USD/JPY and the JPY crosses were mostly better bid in Asia. Factors cited included rather buoyant Nikkei despite the Wall Street plunge, bounce in US yields, renewed concerns over Greek debt/Grexit, the surprise shift in MAS policy band which lifted USD/SGD (effects felt in USD/JPY too) and short-covering. The Nikkei did better on continuing Japanese pension fund allocations out of domestic bonds and into stocks. USD/JPY traded up from 117.72 through offers ahead of 118.00 to 118.07 initially. Japanese exporter sales (spot date month-end) pushed it back below 118.00 briefly before a fresh push up to 118.28. Trading since has been in the 117.98-118.23 hourly Ichimoku cloud. EUR/JPY faded a bit from an early high of 134.24 to 133.70 but remained well above the 132.51 low in late Asia yesterday. GBP/JPY see-sawed between 178.62-179.21, better bid later than earlier. AUD/JPY soared from 93.18 ahead of the Aussie CPI release to 94.44 post with core inflation surprisingly high. NZD/JPY saw a blip up in sympathy from 87.57 to 88.4.

EUR/USD opened in Asia at 1.1380 after broad EUR strength overnight on short covering. Up marginally more to 1.1384 early, it tracked lower thereafter on broad USD strength as highlighted by USD/JPY and USD/SGD moves. Talk that the Fed was unlikely to infuse a dovish slant in their statement helped. A low of 1.3330 was seen before the market steadied. Bids are eyed ahead of 1.3300.

GBP/USD fell back in sympathy with EUR/USD from 1.5196 to 1.5155. EUR/GBP traded soggy, off modestly from 0.7489 to 0.7474.

USD/CHF was better bid alongside USD/JPY, up modestly from 0.8987 to 0.9055. EUR/CHF saw nervous consolidation between 1.0205-71. Talk of intervention in both pairs yesterday remained supportive.

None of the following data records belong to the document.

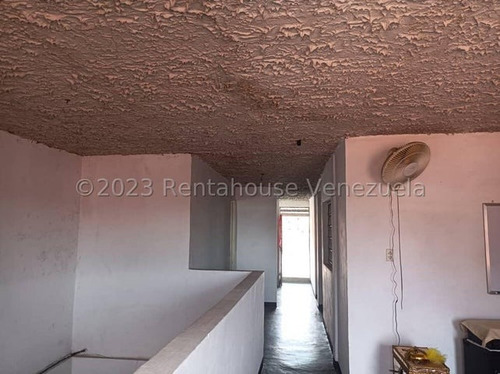 . Jv Vende Haz Realidad Tu Sueño: Casa Quinta Espaciosa Y Luminosa En Zona Cotizada, Ideal Para Disfrutar De La Tranquilidad Y La Cercanía A La Ciudad. 25-8374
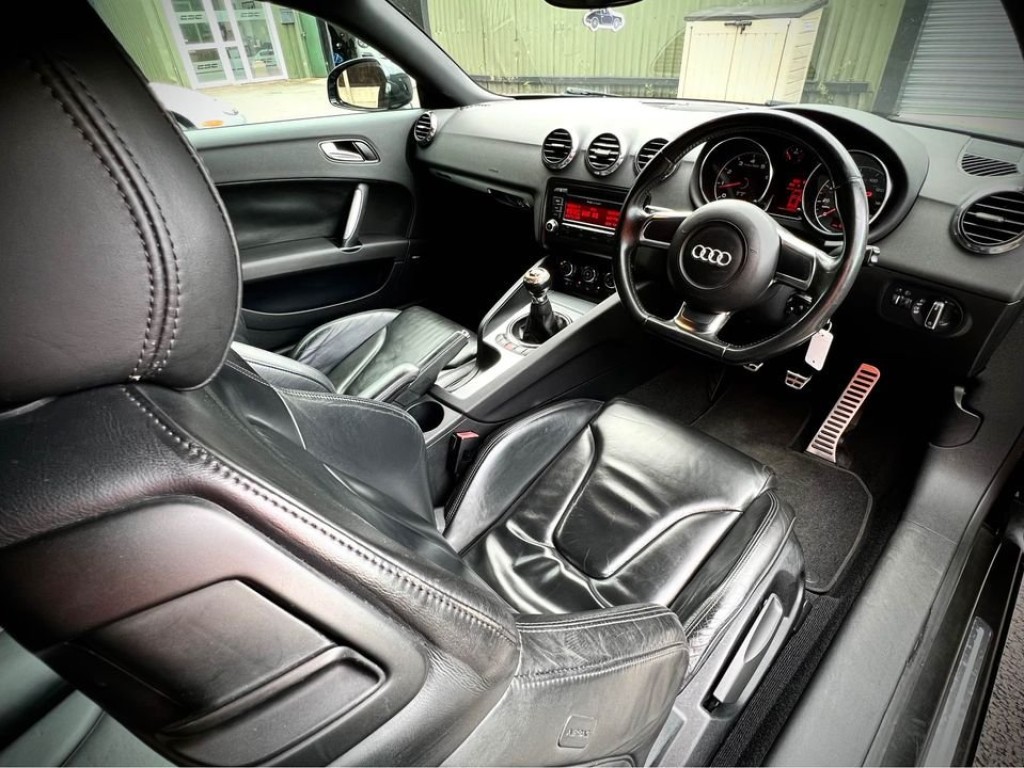 AUDI TT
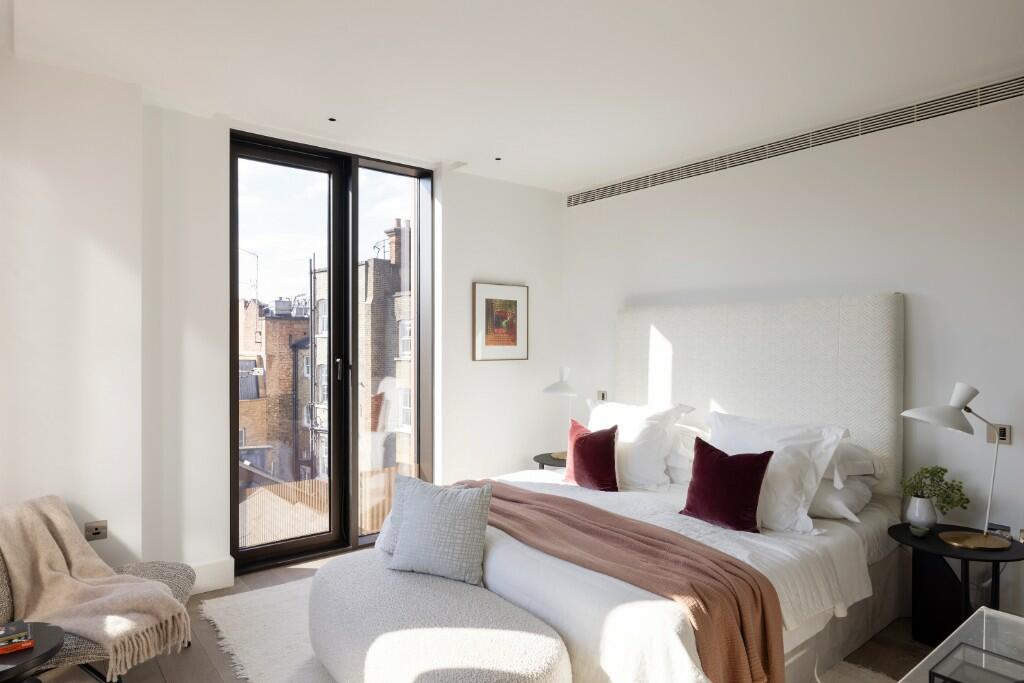 Principal bedroom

AUD/USD opened in Asia at 0.7937 after trading firm overnight on broad USD weakness following weaker US economic data. Down a notch to 0.7900 early following the surprise MAS move to lower its NEER slope (viewed as a form of easing), it popped to 0.8010 with underlying inflation was hotter than expected. OIS was pricing in a 40% chance of a RBA ease before the data. It fell below 10% in the aftermath. AUD looks to remain relatively well bid on the crosses whatever happens to AUD/USD post-FOMC.